While I could easily be distracted and veer entirely off my subject at the mention of cheesecake it brings me quite neatly to my next point, and that is the idea of consumption. We, as Americans, have been consumed by consumption. We are trained from our earliest days to be consumers. Infants wear Nike sneakers and have brand-name strollers (often more than one). Even before elementary school kids are already demanding that their parents buy them the latest toy that their friends all have and that they've seen on television. Telephones are out-dated in 6 months and clothing styles change with the seasons. Products are designed to fail and styles designed to be temporary so that consumers can feel a constant need for "new." While there is nothing inherently bad in ownership there are often negative effects. Buddhism speaks beautifully about detachment as "freedom from lust, craving and desires" and relates that desire is the cause of suffering and elimination of desire eases suffering. I think it's also important to look at the side-effects of our attachment and consumption. One of those effects is this sense of "need" that skews our normal sense of values. Like I related in part 1 of this posting I had a re-alignment of what I saw as "need" after living in one of the poorest countries in the world.
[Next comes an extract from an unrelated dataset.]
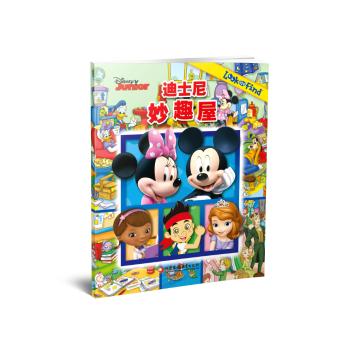 Pi kids童书•Look and Find(迪士尼妙趣屋)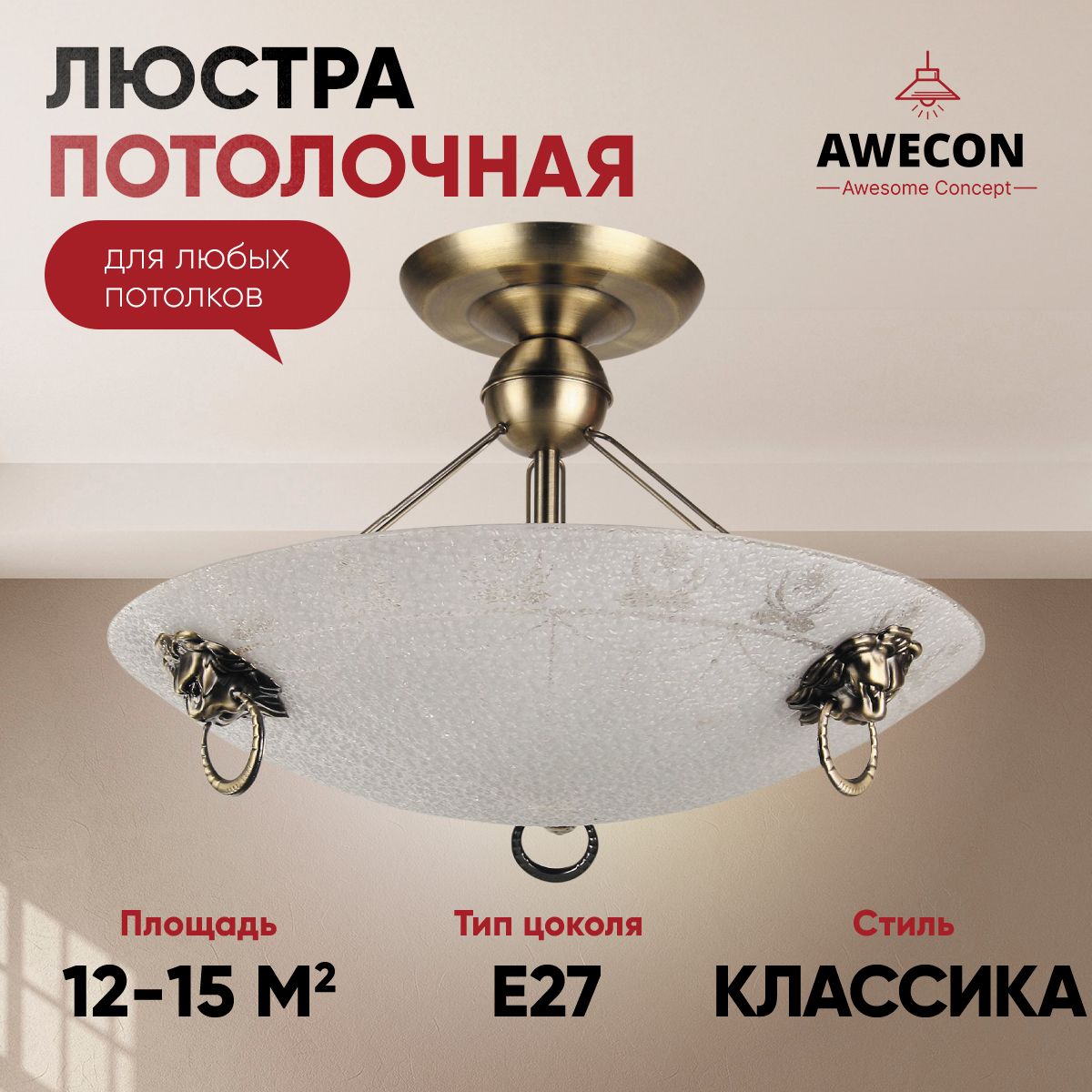 AweconПотолочныйсветильник,E27,60Вт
Americans as a whole are rarely exposed to those far outside of their economic level and often have very little concept of what life is like in other tax brackets*. The growing emphasis on consumerism only serves to further our sense of "need". We feel we are falling behind our peers--items that wouldn't make it to even the upper echelons of Maslow's Hierarchy are instead given the status of "needed". This focus on self and belief that we are still "in need" can leave little room for charity, generosity and compassion for others; it negates the concept of moderation and eliminates perspective for temperance, self-control, and restraint.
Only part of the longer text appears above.